NLP Foundations
The Backward Pass and Gradient Flow
Backpropagation through a transformer is the forward pass run in reverse with the chain rule attached; seeing which operations preserve gradient magnitude and which shrink it explains why architecture choices exist.
intermediate · 8 min read
Training a transformer means computing, for every one of its billions of parameters, how much a tiny nudge to that parameter would change the loss. That quantity is the gradient, and the algorithm that computes all of them in one pass, no matter how many parameters there are, is backpropagation (Rumelhart, Hinton, Williams, 1986). It is not a separate learning method from the forward pass; it is the same computational graph traversed in reverse, applying the chain rule at every step.
The chain rule, mechanically
If y = f(x) and loss = g(y), the chain rule says d(loss)/dx = d(loss)/dy * dy/dx. Backpropagation applies this repeatedly, starting from d(loss)/d(loss) = 1 at the output and working backward through every operation in the forward pass, each time multiplying the incoming gradient by that operation's local derivative. This is exactly why the forward pass's computational graph needs to be tracked (autodiff frameworks record every operation and its inputs) and why the backward pass costs roughly the same order of FLOPs as the forward pass, generally estimated at about twice as much, since every matmul in the forward direction implies roughly two matmuls (with respect to the input and with respect to the weights) in the backward direction (see backpropagation-autodiff).
What flows well and what does not
Two transformer components exist specifically because of how they treat gradient magnitude on the way backward.
Residual connections are additive, and the derivative of a sum with respect to either term is 1. So d(loss)/dx for y = x + Sublayer(x) includes a term that passes straight through unmultiplied, regardless of what Sublayer's own gradient looks like. That unbroken path is why residual networks can be stacked far deeper than networks without them: even if every sublayer's local gradient were tiny, the residual path alone still delivers signal to early layers (see residual-connections-skip).

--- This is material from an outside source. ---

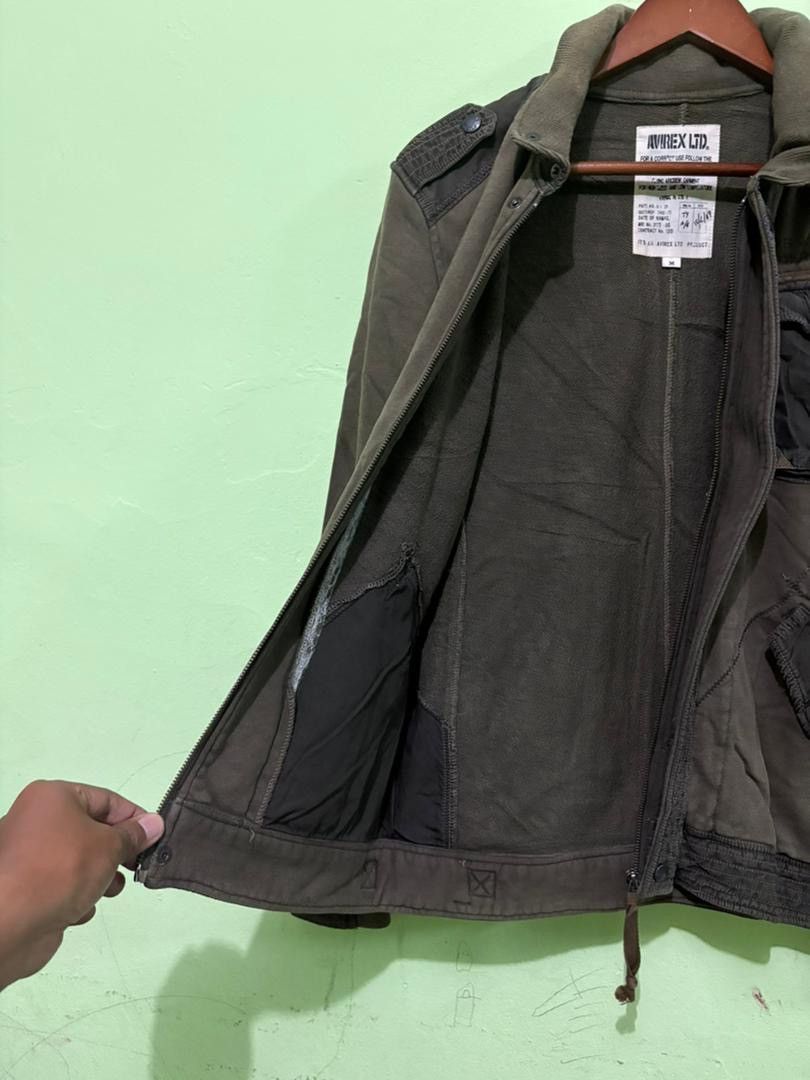 Avirex Vtg Avirex Army Military Jacket Design 3 Pocket Design Size US M / EU 48-50 / 2 - 4 Thumbnail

Normalisation layers rescale the forward activations to a controlled range, and by extension keep the backward gradients from drifting to extreme scales as they pass through many layers. Without normalisation, small per-layer multiplicative effects compound across depth: repeated multiplication by numbers slightly above 1 explodes, repeated multiplication by numbers slightly below 1 vanishes. This is the vanishing/exploding gradient problem, and it is a direct, mechanical consequence of the chain rule applied through many layers, not a mysterious training instability (see layernorm-residual-connections).
Where gradients get multiplied, not added
Attention and the feed-forward non-linearity are where the chain rule genuinely multiplies gradients by non-trivial, input-dependent factors rather than passing them through. Softmax saturation is the clearest example: when softmax output is near 0 or near 1, its local derivative is near zero, so gradient flowing backward through a saturated softmax is crushed regardless of what happens elsewhere (this is exactly the failure mode that motivated scaling attention scores by 1/sqrt(d_k); see softmax-logits). Activation functions have the same property: a ReLU unit that output zero on the forward pass has zero derivative, so no gradient reaches the weights that fed it on that example, an effect known as a dead unit (see activation-functions).

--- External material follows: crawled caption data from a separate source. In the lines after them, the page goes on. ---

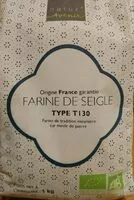 Mängden socker i Farine de seigle T130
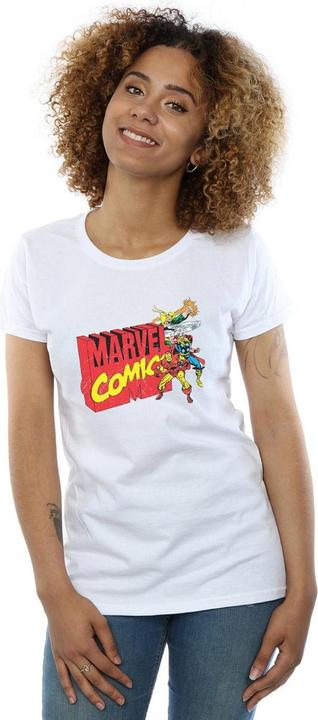 Image du produit - T-shirt VINTAGE LOGO BLAST - Femme (L)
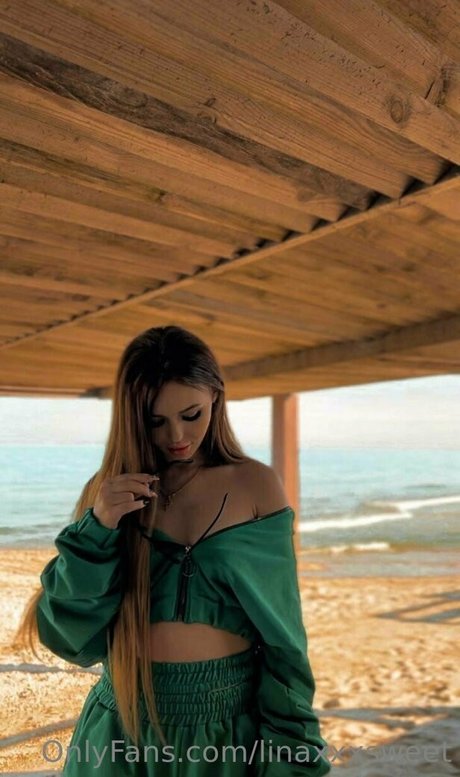 Naakte gelekte OnlyFans-foto van Linaxxxsweet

forward: x -> LN -> Attn -> (+x) -> LN -> FFN -> (+x) -> ...
backward: ... <- (+1 grad) <- FFN' <- LN' <- (+1 grad) <- Attn' <- LN' <- x
When it falls down
- Gradient checkpointing trades compute for memory. Storing every intermediate activation for the backward pass is expensive, so large-scale training often recomputes some activations during the backward pass instead of storing them, roughly a 20 to 30 percent compute overhead for a substantial memory saving (see training-memory-footprint).

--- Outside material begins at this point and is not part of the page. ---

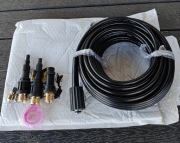 Zestaw do czyszczenia rur i kanalizacji 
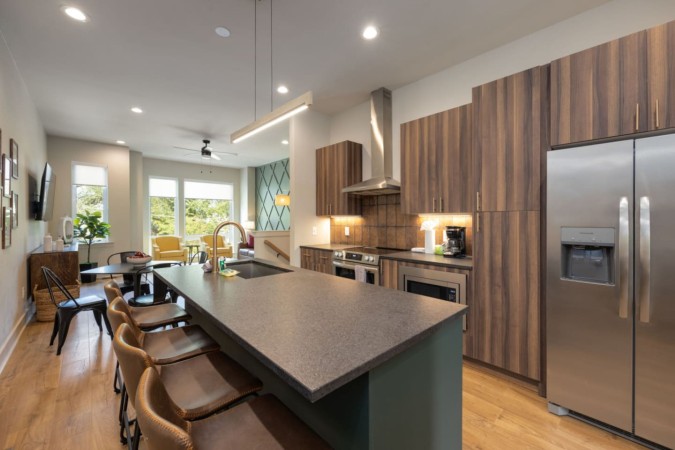 Tennessee Whiskey Townhome | Rooftop Views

- Gradient clipping is a patch, not a fix. Exploding gradients are usually controlled by clipping the global gradient norm before the optimiser step; this stabilises training but does not address why the gradient exploded in the first place, and a model that needs aggressive clipping every step usually has a deeper initialisation or learning-rate problem (see signal-propagation-and-init).
- Mixed precision introduces its own gradient hazard. Gradients computed in fp16 can underflow to zero for small values, which is why mixed-precision training scales the loss up before the backward pass and back down before the optimiser step, a workaround for the limited dynamic range of fp16, less necessary with bf16.
- The backward graph is not free to build. Every operation recorded during the forward pass, tensors, intermediate values, must be kept in memory (or recomputed) until its corresponding backward operation runs, which is the direct source of the memory-versus-depth tradeoff in large models.
Further reading
- Rumelhart, Hinton, Williams, 1986, Learning representations by back-propagating errors - the original statement of backpropagation.
- Micikevicius et al., 2017, Mixed Precision Training, arXiv:1710.03740 - loss scaling and the fp16 gradient underflow problem.